Para os mais aventureiros, a tropeada, também conhecida como cavalgada, é a oportunidade de reviver o tempo do tropeirismo, com seus costumes, atividades e aventuras. Apesar da tropeada ser mais comum nos meses frios (maio, junho, julho e agosto), pode-se encontrar alguns passeios durante o Verão em pousadas ou hotéis-fazenda. Por enquanto as prefeituras estão com essas atividades paralisadas.
Estamos preparando um projeto sobre tropeirismo para o segundo semestre, garante a chefe do Departamento de Turismo de Castro, Maria Cláudia Schultz. Em Turvo (54 km ao norte de Guarapuava), local tradicional de tropeadas, os passeios só serão retomados a partir de maio.

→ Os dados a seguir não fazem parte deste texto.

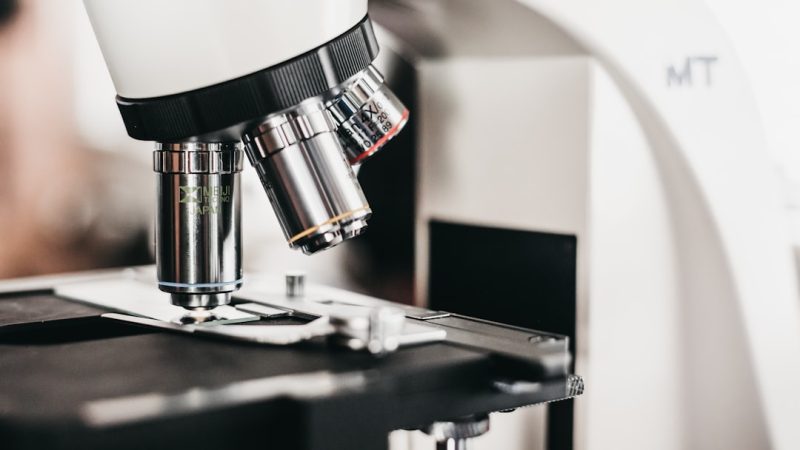 Close-up of a microscope used for research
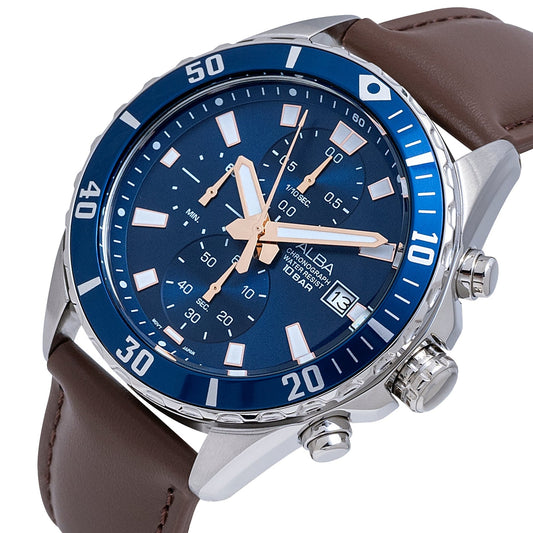 Blue chronograph dial close up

A maioria das tropeadas segue o mesmo ritual. Elas reúnem um grupo de 10 a 20 turistas, têm percurso médio de 20 quilômetros e começam ao nascer do Sol, com o encilhamento dos cavalos e a tarefa de reunir o gado. Durante o percurso o grupo se delicia com as belas paisagens, com os causos narrados pelos tropeiros e, claro, com o almoço servido no pouso churrasco no fogo de chão, arroz carreteiro, feijão tropeiro e chimarrão, acompanhados da boa música tradicionalista. No retorno, o gado é entregue ao seu local de origem.
Mas se o turista optar por um passeio mais light, opções não faltam. Em Rio Negro, uma visita ao Seminário São Luiz de Tolosa, inaugurado em 1923, é obrigatória, assim como uma passada pelo único mosteiro brasileiro da Ordem Cisterciense Trapista, cujas origens são do Século 11, na França. Durante o trajeto são muitas atrações, como a Gruta do Monge e Teatro São João (Lapa), Vila Velha e Buraco do Padre (Ponta Grossa), Parque Estadual do Guartelá e Museu do Tropeiro (Castro), o Santuário do Senhor Bom Jesus do Monte (Palmeira), Parque Estadual do Cerrado (Jaguariaíva).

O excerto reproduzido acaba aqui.